Beijing's Fiscal Support for the Property Sector in Focus Next Week
Potential Fiscal Adjustments to Stimulate the Property Sector
Beijing may soon address the ongoing fiscal support shortfall impacting the property sector dramatically. According to a central bank policy adviser, the national budget plan could be modified next week, potentially approving an additional 1.5 trillion yuan (US$210 billion) to 2.5 trillion yuan in treasury bonds as part of a broader economic stimulus package.
IMF Insights at the Greater Bay Area Finance Forum
Wang Yiming, Vice-chairman of the China Centre for International Economic Exchanges, emphasized, “China’s fiscal spending is falling short of its annual target.” Recent fiscal policies highlight a projected funding gap of 1.5 trillion yuan requiring bond issuance.
- China's general public spending increased by 2% year-on-year.

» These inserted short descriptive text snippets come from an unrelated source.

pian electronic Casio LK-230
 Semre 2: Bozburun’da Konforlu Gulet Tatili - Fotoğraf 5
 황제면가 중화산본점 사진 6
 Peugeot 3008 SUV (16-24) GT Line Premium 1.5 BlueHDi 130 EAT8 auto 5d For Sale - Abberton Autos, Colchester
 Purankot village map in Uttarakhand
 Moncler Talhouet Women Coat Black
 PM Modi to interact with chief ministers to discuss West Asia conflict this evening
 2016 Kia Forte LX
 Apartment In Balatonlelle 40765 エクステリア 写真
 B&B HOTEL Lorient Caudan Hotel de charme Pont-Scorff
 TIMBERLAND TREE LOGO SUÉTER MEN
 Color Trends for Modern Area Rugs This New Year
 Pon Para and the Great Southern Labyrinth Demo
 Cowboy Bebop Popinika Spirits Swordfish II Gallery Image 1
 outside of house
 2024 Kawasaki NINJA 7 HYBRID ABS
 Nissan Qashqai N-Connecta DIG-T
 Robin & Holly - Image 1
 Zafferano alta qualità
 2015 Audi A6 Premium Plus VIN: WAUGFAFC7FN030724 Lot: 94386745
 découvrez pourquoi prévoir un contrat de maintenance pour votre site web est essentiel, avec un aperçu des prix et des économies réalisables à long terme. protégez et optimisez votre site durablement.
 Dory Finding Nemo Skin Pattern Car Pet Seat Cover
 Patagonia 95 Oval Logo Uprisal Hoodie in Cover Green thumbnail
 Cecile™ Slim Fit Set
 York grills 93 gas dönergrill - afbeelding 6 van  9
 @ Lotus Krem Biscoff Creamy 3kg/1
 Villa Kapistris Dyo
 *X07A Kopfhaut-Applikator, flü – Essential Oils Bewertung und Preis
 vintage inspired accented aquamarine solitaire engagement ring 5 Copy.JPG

- Government fund spending decreased by 8.9%, indicating economic strains.
- Recent monetary easing efforts aim to boost market confidence.
Wang indicated that without more fiscal support, sustaining market rallies may be challenging.
Economic Growth Projections and Adjustments
The IMF recently reduced China's economic growth forecast to 4.8% for the year, down from previously estimated 5%. This adjustment comes amidst warnings that existing monetary policies have yet to provide sufficient support for robust growth.
Fiscal discussions may take place as lawmakers review the bond-issuance quota in the upcoming session of the National People's Congress Standing Committee.
In light of COVID-19 impacts and declining revenues, further fiscal measures are crucial for supporting the troubled property sector and addressing local debt risks.
This article was prepared using information from open sources in accordance with the principles of Ethical Policy. The editorial team is not responsible for absolute accuracy, as it relies on data from the sources referenced.